### [What this task involves]
All records, minus the pictures: write them out exactly.

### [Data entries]

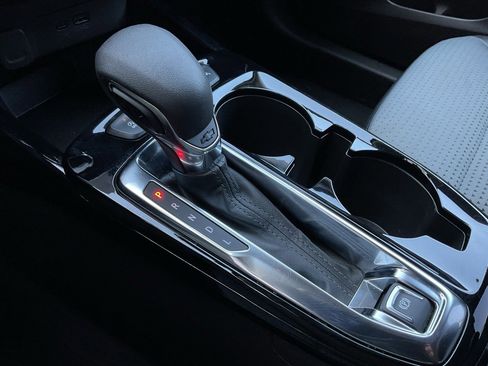 Used 2025 Chevrolet Trax LT image 34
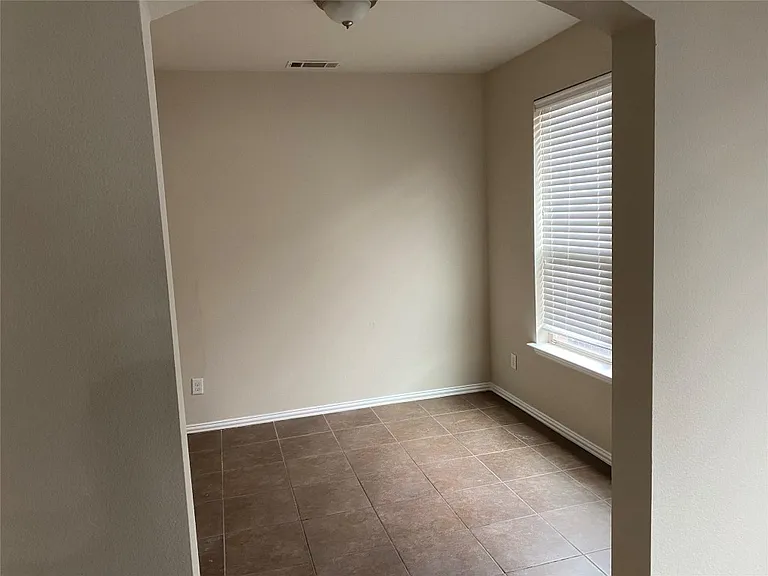 1512 Cockatiel Dr — Photo 8
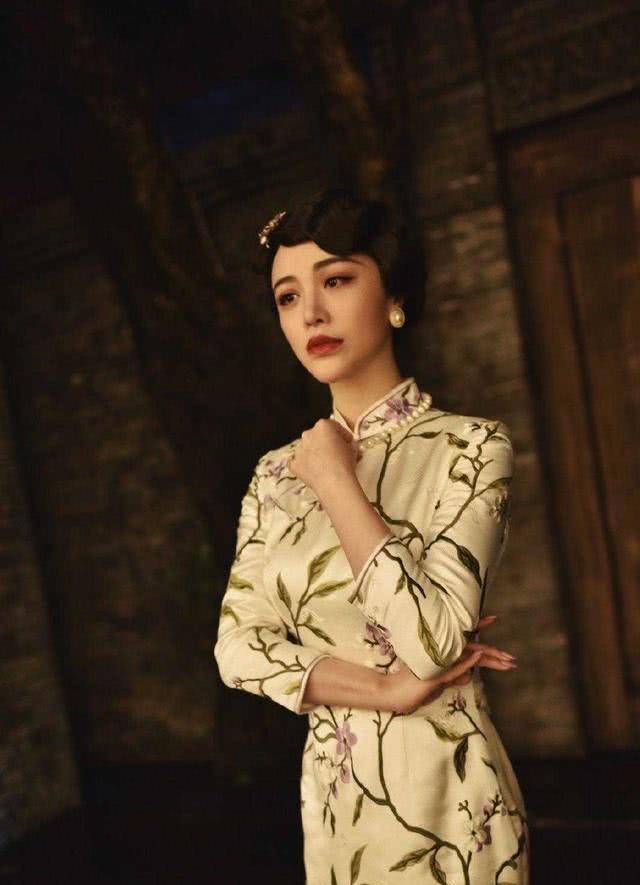 刘翔前妻葛天身材真好穿旗袍这么惊艳配复古盘发气质像贵妇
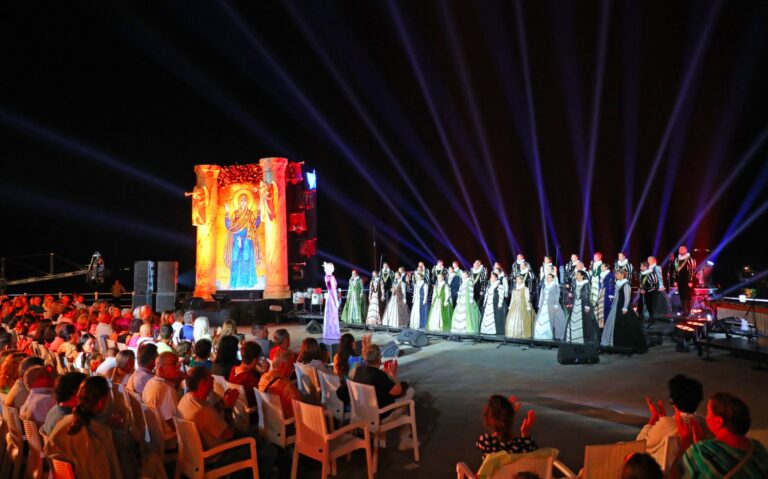 Primăria Constanța plătește pentru spectacolul „Ave Maria” de trei ori mai mult față de anul trecut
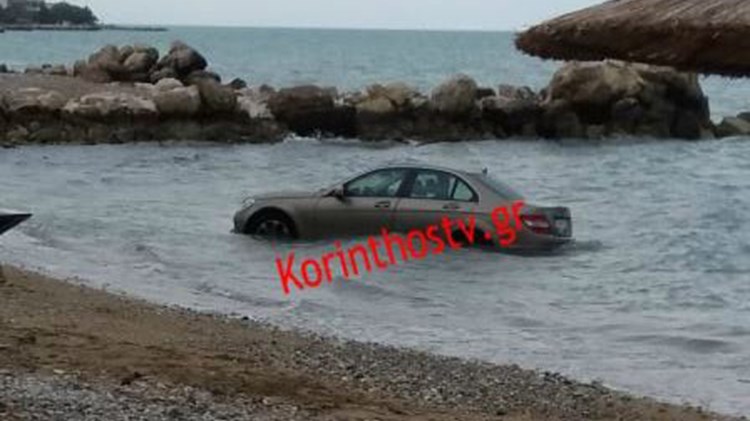 Κορινθία: Αυτοκίνητο έκανε “βουτιά” στη θάλασσα – ΦΩΤΟ – ΒΙΝΤΕΟ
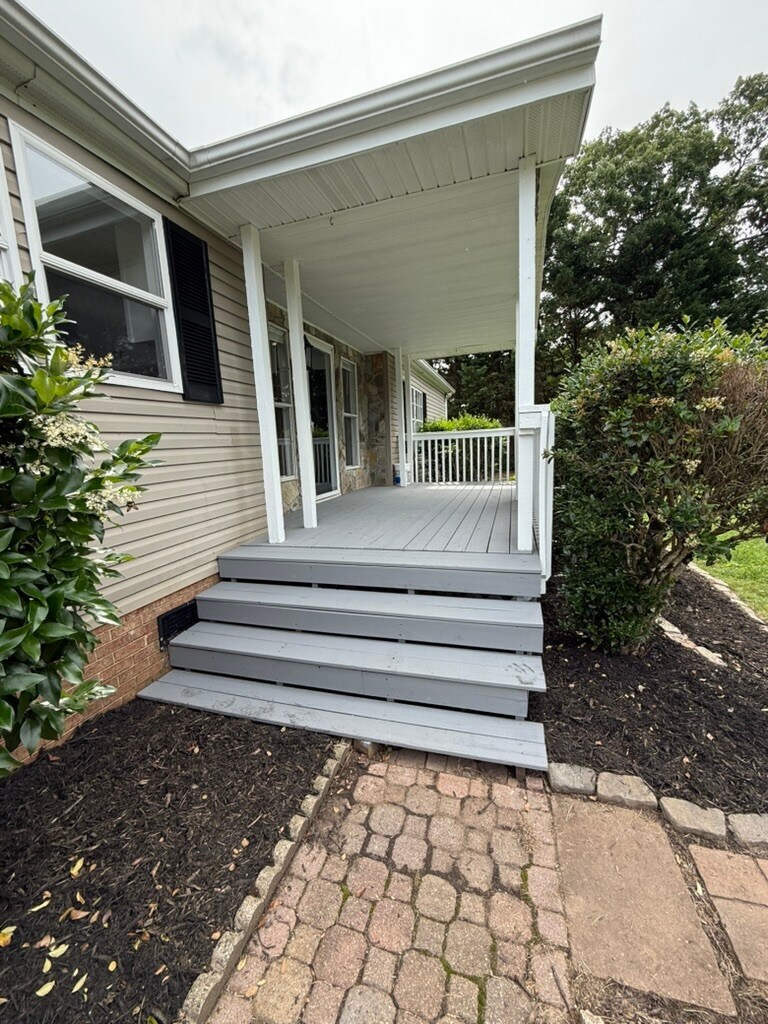 Front Porch - 1489 Kelley Ct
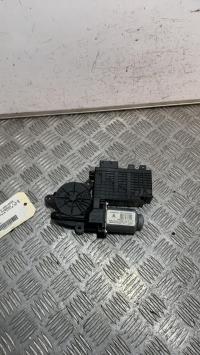 Moteur leve vitre avant gauche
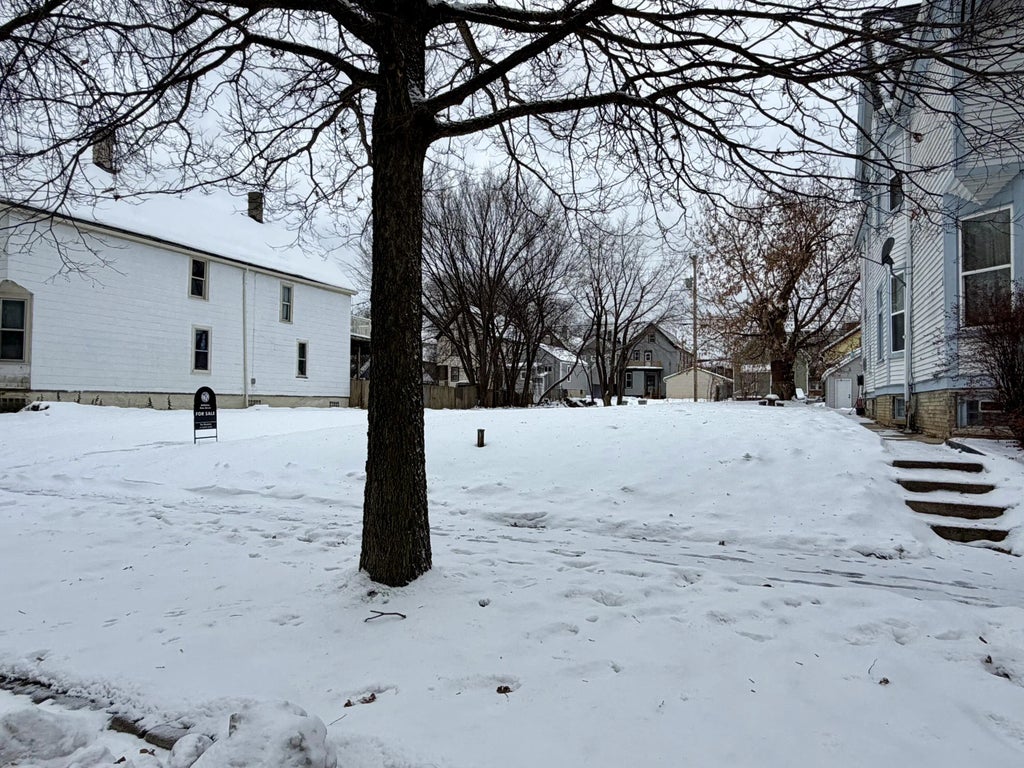 2127 N 1st St, Milwaukee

### [Written response]
 Used 2025 Chevrolet Trax LT image 34
 1512 Cockatiel Dr — Photo 8
 刘翔前妻葛天身材真好穿旗袍这么惊艳配复古盘发气质像贵妇
 Primăria Constanța plătește pentru spectacolul „Ave Maria” de trei ori mai mult față de anul trecut
 Κορινθία: Αυτοκίνητο έκανε “βουτιά” στη θάλασσα – ΦΩΤΟ – ΒΙΝΤΕΟ
 Front Porch - 1489 Kelley Ct
 Moteur leve vitre avant gauche
 2127 N 1st St, Milwaukee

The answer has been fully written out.